**Task details**: Your answer must be the full set of records, copied exactly, with no pictures in it.

**Given data**:
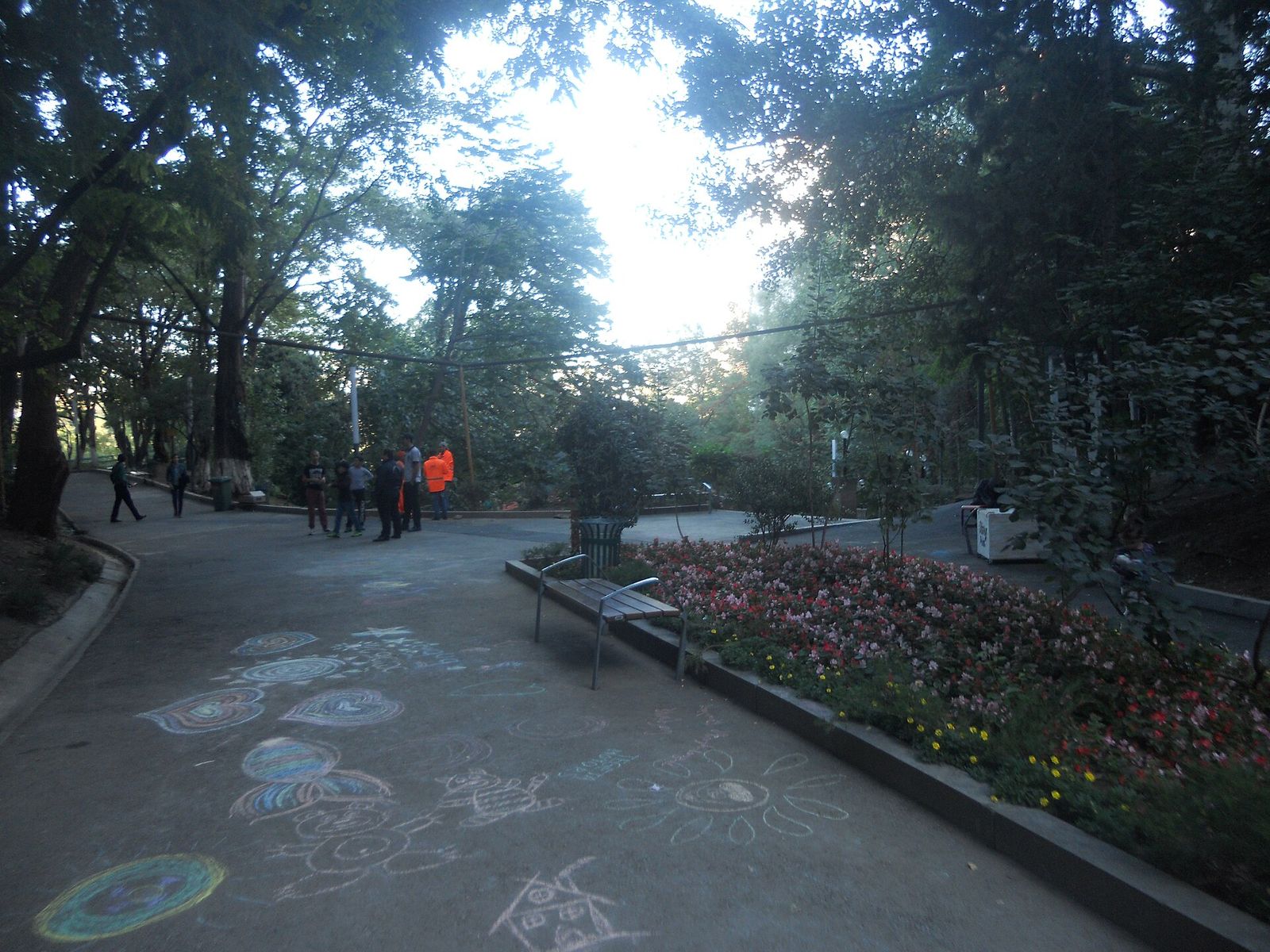 A tree-shaded path with a bench, flower beds and chalk drawings in Mziuri Park, Vake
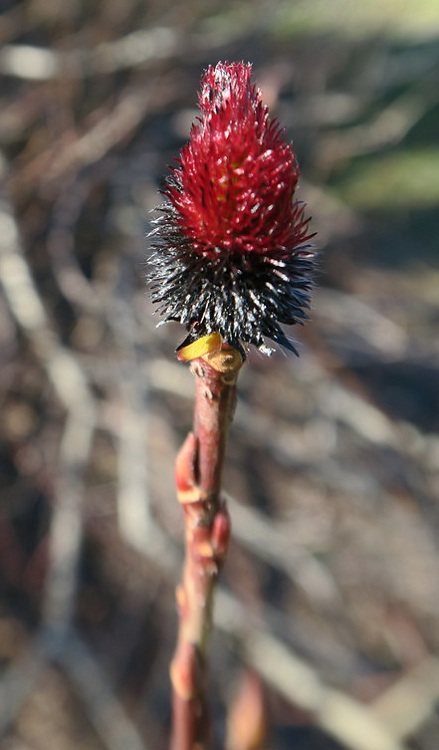 SALIX GRACILISTYLA MELANOSTACHYS
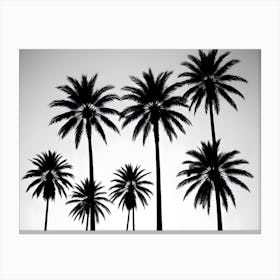 Silhouettes Of Palm Trees On White Background 1 Canvas Print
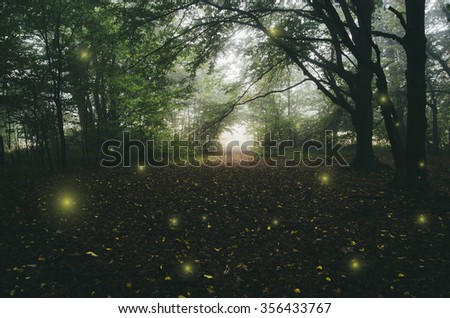 magical lights in forest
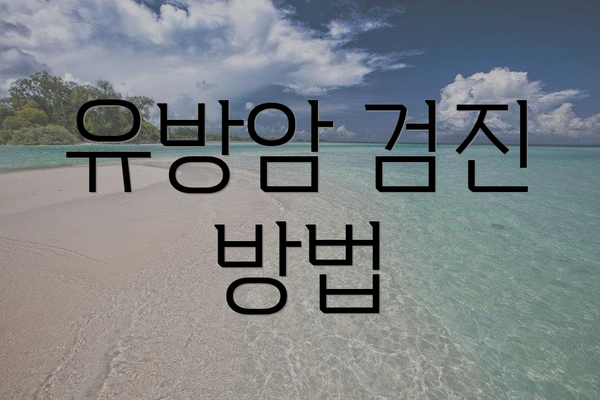 유방암 검진 방법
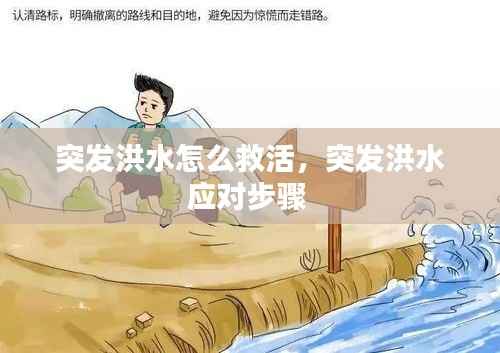突发洪水怎么救活，突发洪水应对步骤 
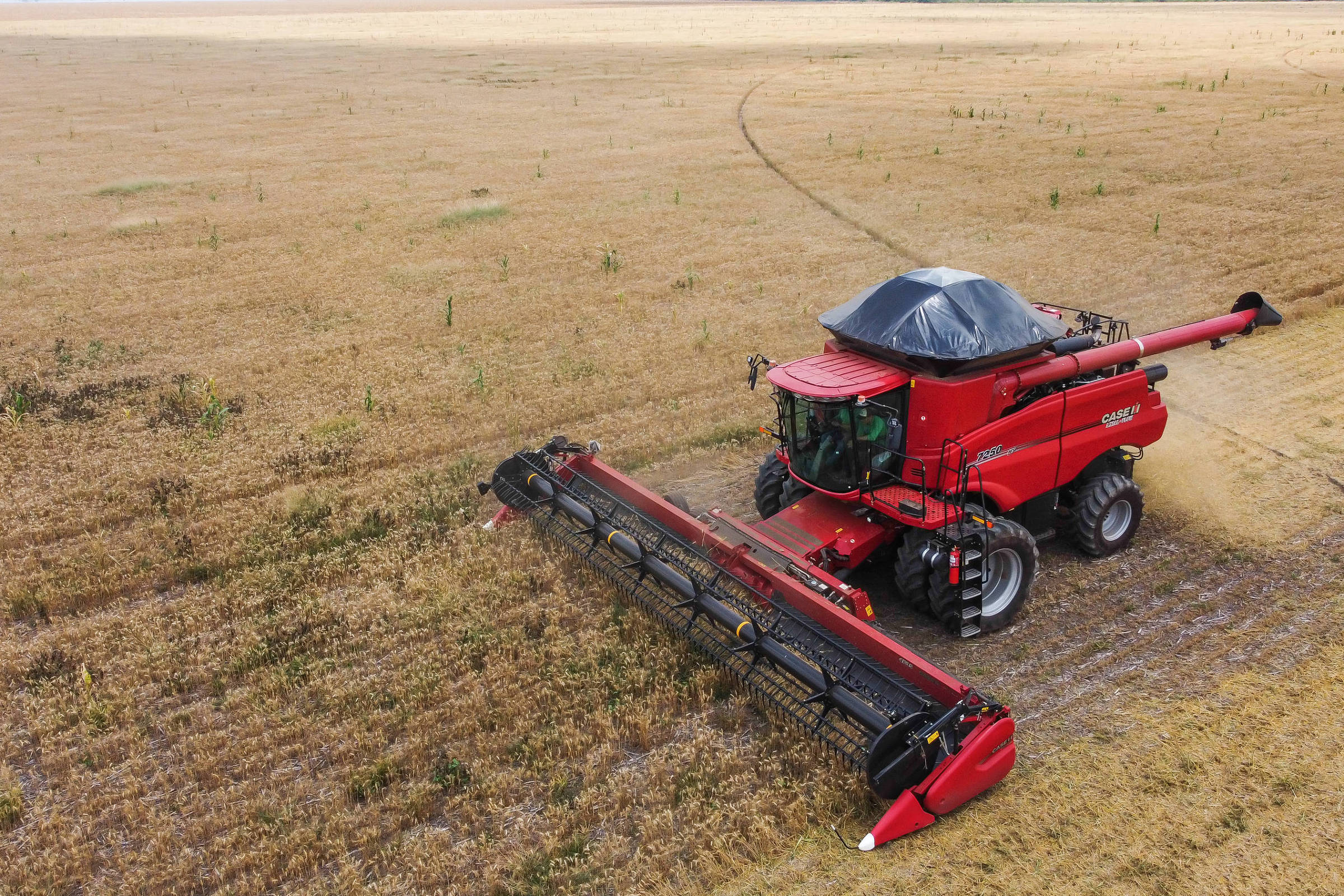 As 'sete maravilhas' que dão suporte ao agronegócio brasileiro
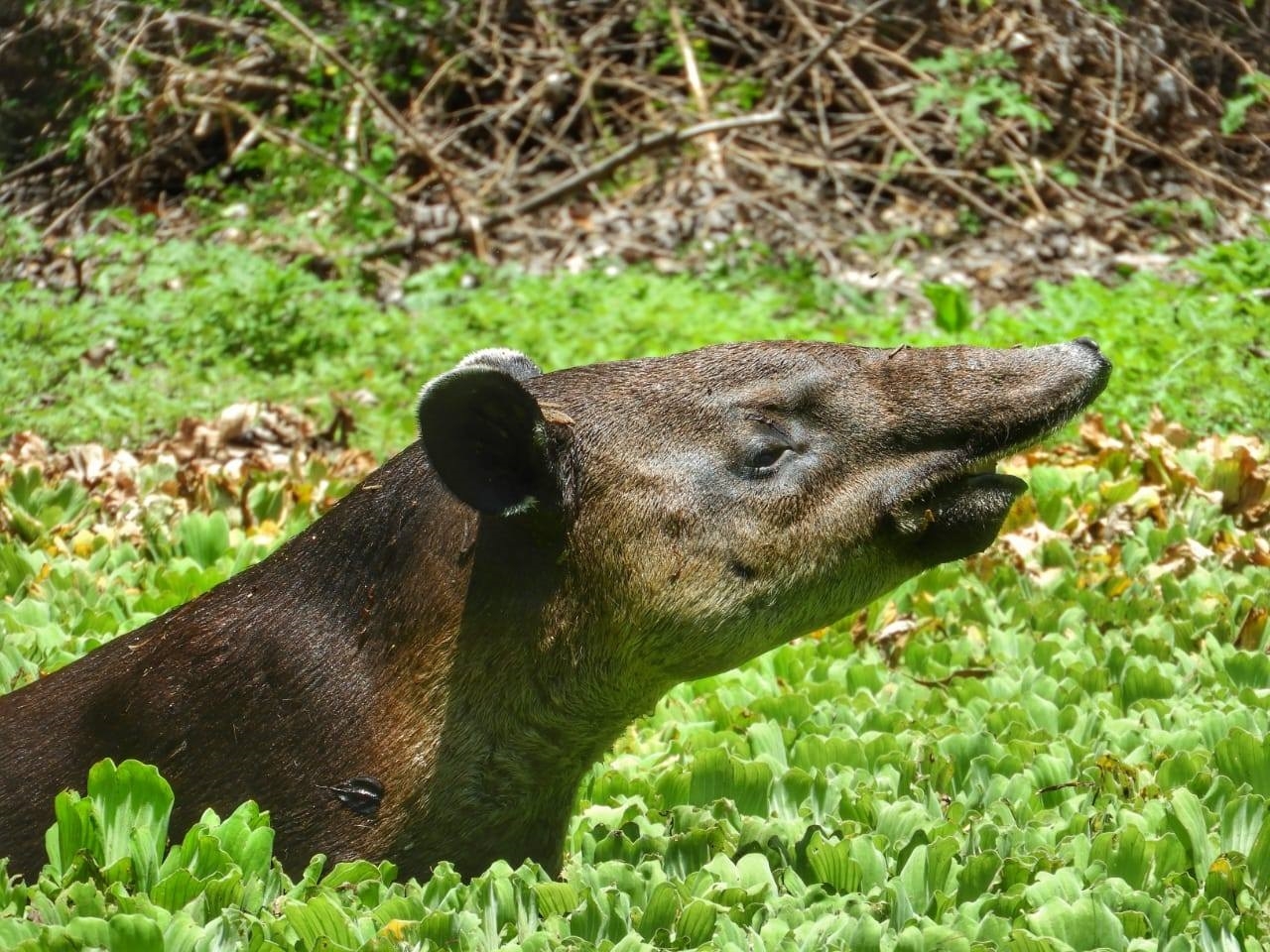 En Balamkí y Balamkú ha iniciado la instalación de bebederos artificiales para la fauna en Campeche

**Written answer**:
 A tree-shaded path with a bench, flower beds and chalk drawings in Mziuri Park, Vake
 SALIX GRACILISTYLA MELANOSTACHYS
 Silhouettes Of Palm Trees On White Background 1 Canvas Print
 magical lights in forest
 유방암 검진 방법
突发洪水怎么救活，突发洪水应对步骤 
 As 'sete maravilhas' que dão suporte ao agronegócio brasileiro
 En Balamkí y Balamkú ha iniciado la instalación de bebederos artificiales para la fauna en Campeche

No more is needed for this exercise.